Using Gradient Boosting to Identify Pricing Errors in GLM-Based Tariffs for Non-life Insurance

Detta är en Master-uppsats från KTH/Matematik (Avd.)

Sammanfattning: Most non-life insurers and many creditors use regressions, more specifically Generalized Linear Models (GLM), to price their liabilities. One limitation with GLMs is that interactions between predictors are handled manually, which makes finding interactions a tedious and time-consuming task. This increases the cost of rate making and, more importantly, actuaries can miss important interactions resulting in sub-optimal customer prices. Several papers have shown that Gradient Tree Boosting can outperform GLMs in insurance pricing since it handles interactions automatically. Insurers and creditors are however reluctant to use so-called ”Black-Box” solutions for both regulatory and technical reasons. Tree-based methods have been used to identify pricing errors in regressions, albeit only as ad-hoc solutions. The authors instead propose a systematic approach to automatically identify and evaluate interactions between predictors before adding them to a traditional GLM. The model can be used in three different ways: Firstly, it can create a table of statistically significant candidate interactions to add to a GLM. Secondly, it can automatically and iteratively add new interactions to an old GLM until no more statistically significant interactions can be found.

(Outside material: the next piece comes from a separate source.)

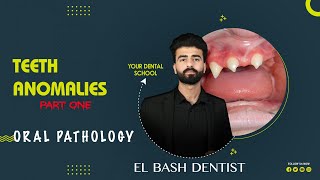 developmental anomalies  teeth anomalies 1 oral pathology عزت شومان [upl. by Namolos362]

Lastly, it can automatically create a new GLM without an existing pricing model. All approaches are tested on two motor insurance data sets from a Nordic P&C insurer and the results show that all methods outperform the original GLMs. Although the two iterative modes perform better than the first, insurers are recommended to mainly use the first mode since this results in a reasonable trade-off between automating processes and leveraging actuaries’ professional judgment.